その結果、私たちが今知っている通りの「2・26事件」が終結するのでした。
結末は、設定があまりに面白かったので、ちょっと物足りない終わり方のような気がしました。
逆にいえば、それくらい設定が面白かった!
一番ユニークだな、と思ったのが、歴史上の人物がちゃんと記憶のあるまま、このプロジェクトに参加していることでした。つまり安藤も栗原も、自分たちが処刑されることも知っているし、この時点でどうなるか、とかがよく分かっているのです。だからこそ、安藤や栗原の心情を思えば、哀れで仕方がないのです。特に、安藤の心中の吐露を読むたびに悲しくなりました。本当に農村を含め日本の状態を憂え決起し、それでいて若い部下に同情を抱き、その上、この決起の行方を知っている。これ以上切ないことはあるか!?という感じです。

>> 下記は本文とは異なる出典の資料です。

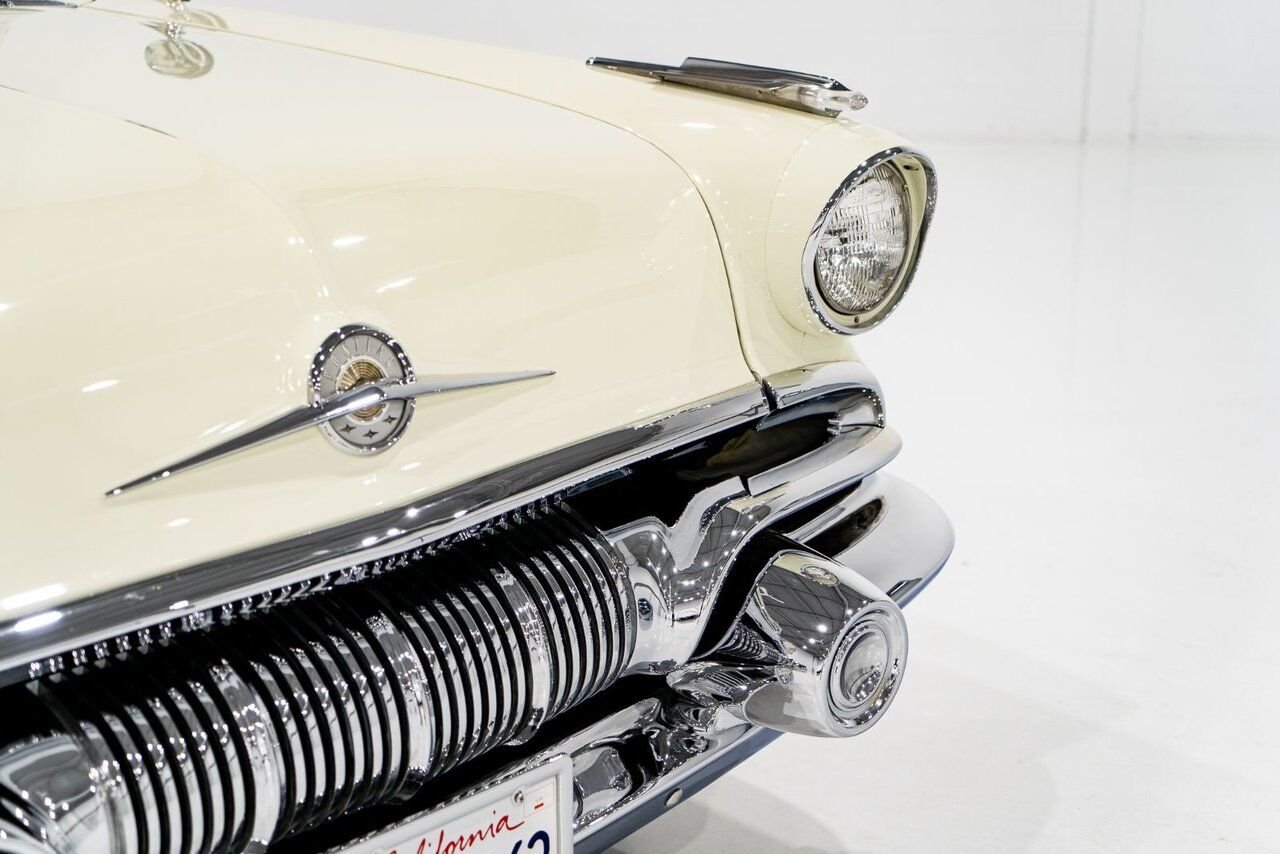 Pontiac Bonneville *PRICE IN USD* Fuel injected 347/315HP 1 of 630 produced 1957 Blanc Montréal - photo #3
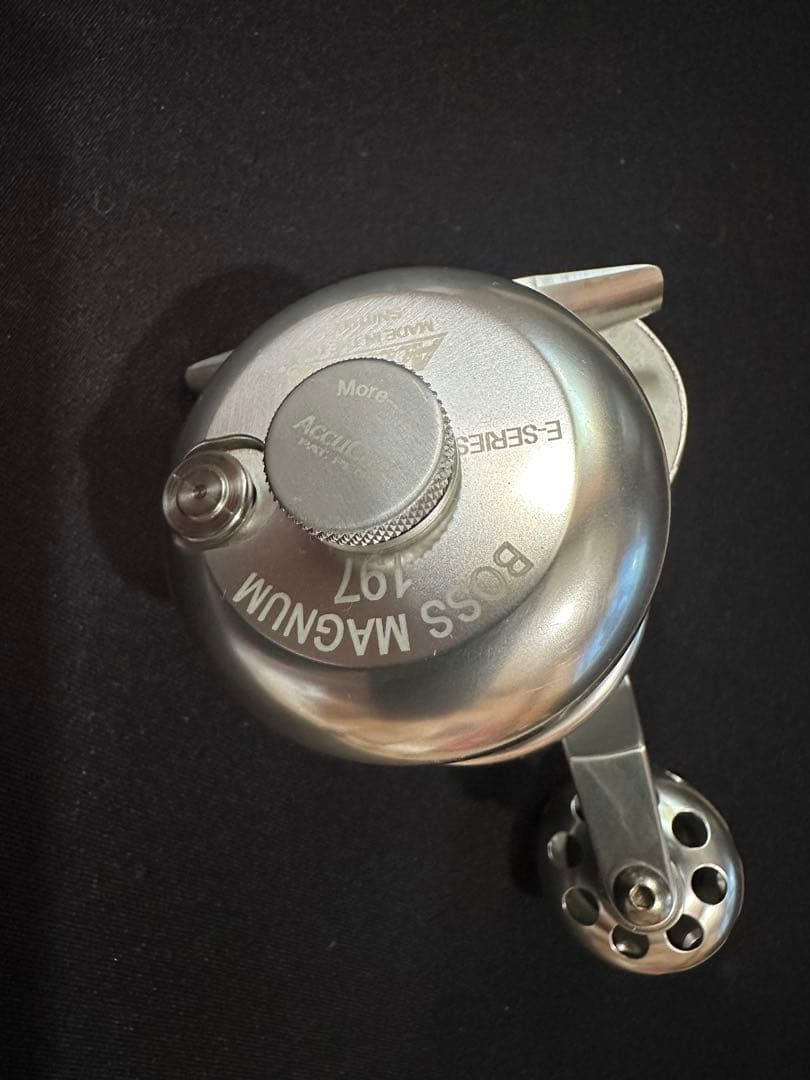 y*n様 アキュレートBOSS magnum197 右巻き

そんな「2・26事件」、国連のこのプロジェクトの責任者であるジョンにかかると;
p43
「確かに、これは日本的な事件だな。責任の範囲と所在の曖昧さ、コミュニケーションよりも隠蔽を『和』と呼んで尊ぶ欺瞞。非常に日本人らしい。記録を読むと、それぞれの言うことは決して極端なものではないし、誰も悪い人はいない。みんな互いによかれと思っている…(中略)…青年将校たちは、陛下の正しい判断を側近が邪魔しているのでそれを取り除きたいと望んでいる。彼らの上官たちは、部下の気持ちが義憤だと知っているので無下にできない。陛下は国民の困窮を全く知らないから、青年将校の気持ちなど全く有難くない。陛下の周りの人々は、陛下が胸を痛めるのを恐れて国民の実情を教えない。また、彼らは青年将校たちが陛下を慕っているのもよく知っているから、陛下が彼らを怒っていることも言えない。見よ、この『思いやり』のオンパレード。極めて日本人的だ」
となる。
確かにこの日本人的感覚は、国際社会では通用しないものだとは思いますが、それが日本人らしさの一部かと思うと、国際化の中でなくなっていくのはさびしいものに思えます。